The woman who has accused Bill Cosby of drugging and groping her has been publicly identified by her parents – who say their daughter felt betrayed by the star and now wants justice.

Andrea Constand, 31, a former employee of Temple University’s basketball program and hoops star from the University of Arizona, says she met Cosby through Temple, where he’s an alumnus and booster, New York’s Daily News reports.

Constand’s identity was disclosed by her parents, who are speaking out about their daughter’s accusations. “She feels a sense of betrayal and feels justice has to prevail,” her father, Andy Constand, told the Toronto Sun, adding that his daughter previously considered Cosby a “great friend and mentor.”
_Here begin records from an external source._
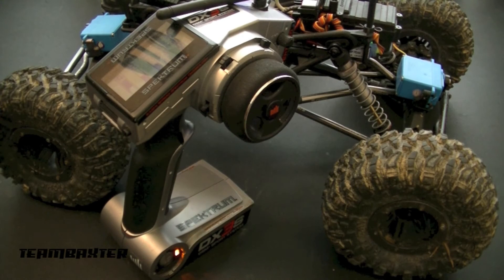It took me too long to find clear documentation on how to set up the DX3S for four-wheel steering and crab steering. I figured it out, and this is how I did it.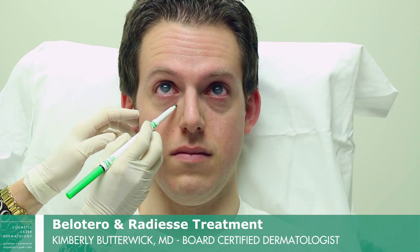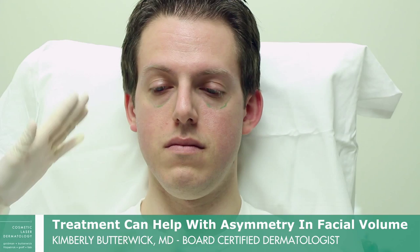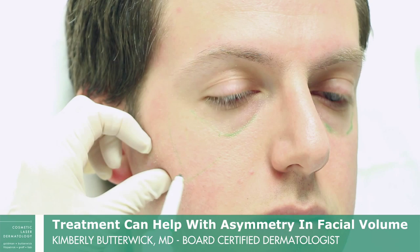We're going to want to put some volume in this area on him, and that will really help him not look so tired. And if you look at his face, this side of the cheek — his left side is fuller than the right — so we want to try to balance the face a little bit.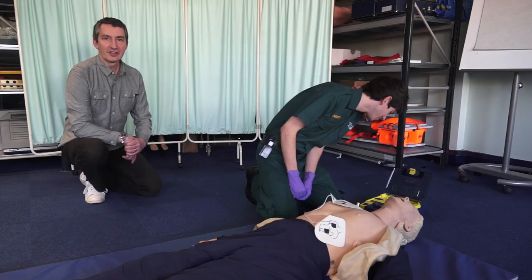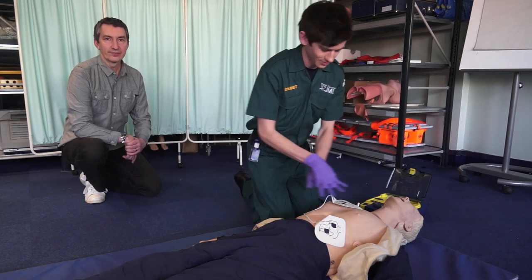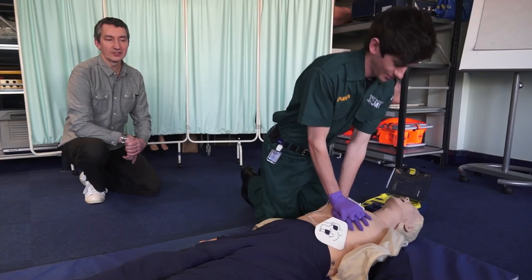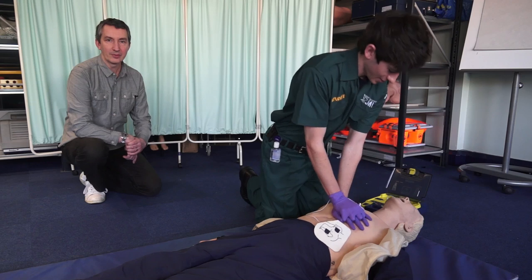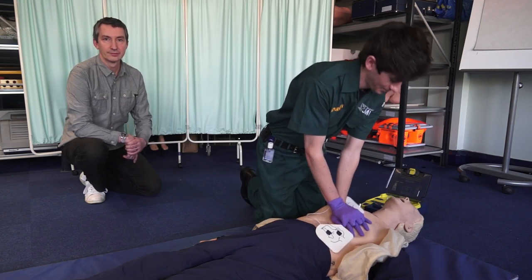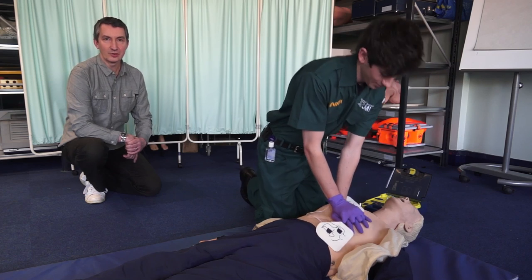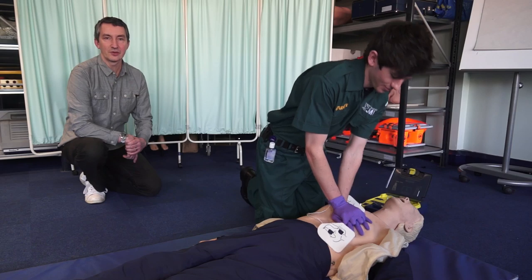Once the shock's been delivered, we need to then start doing cardiopulmonary resuscitation. This means placing our hands in the centre of the chest and compressing about 120 a minute to a depth which is about a third of the patient's chest depth. This will continue for approximately two minutes or until the AED tells you to stop whilst it reanalyses.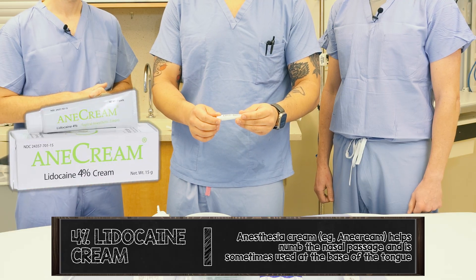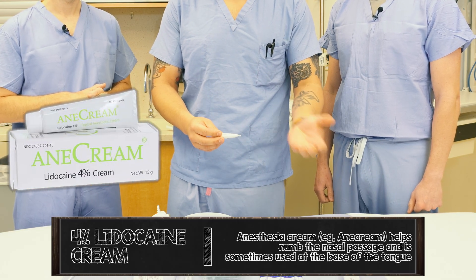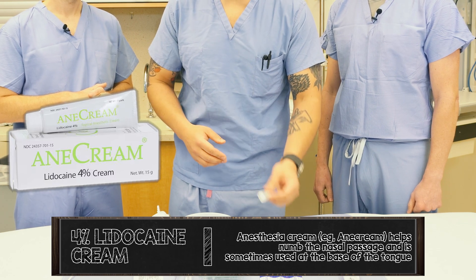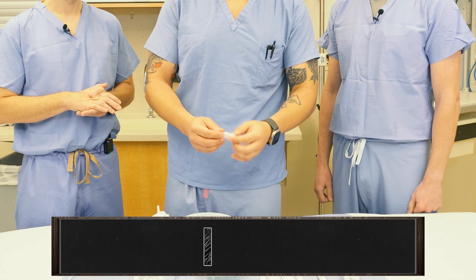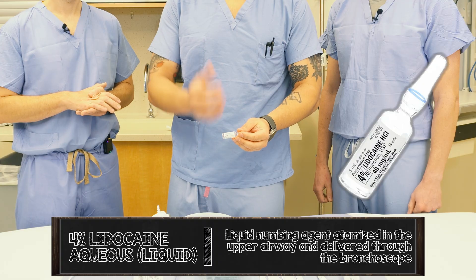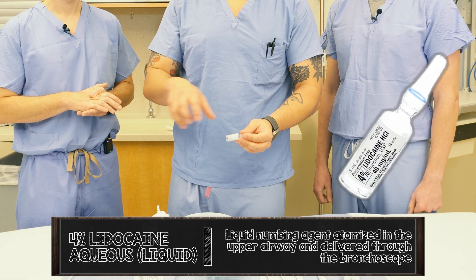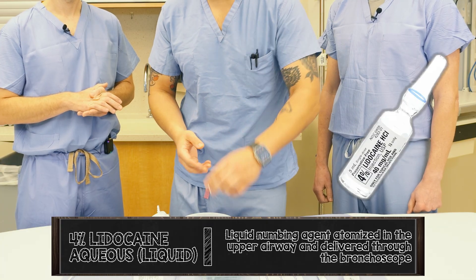Then we have 4% lidocaine cream, called anesthesia cream — Anacream for short — but you can use anything that's 4% and in cream form. The other anesthetic you'll want is 4% aqueous lidocaine. This is going to be applied to the back of the mouth as well as the epiglottis, arytenoids, vocal cords, and surrounding structures. This is really important to have as well.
No criminal charges have been filed in the case, and Cosby denies any wrongdoing.

In her police report filed last month, Constand claimed she dined with Cosby and friends last January, and returned to his nearby home after the meal. Constand said she felt “stress and tension,” and that Cosby gave her some pills.

According to her allegations in the report, she felt dizzy, and Cosby helped her to a couch. Following that, Constand claims her memory is fuzzy, but she alleges that the 67-year-old comedian improperly touched her. She says that she awoke early the next morning with “her clothing in disarray and her bra undone.”

Constand did not come forward with her allegation until Jan. 13, saying that she was afraid to go to police because of Cosby’s celebrity.

Cosby reportedly has been cooperating with investigators.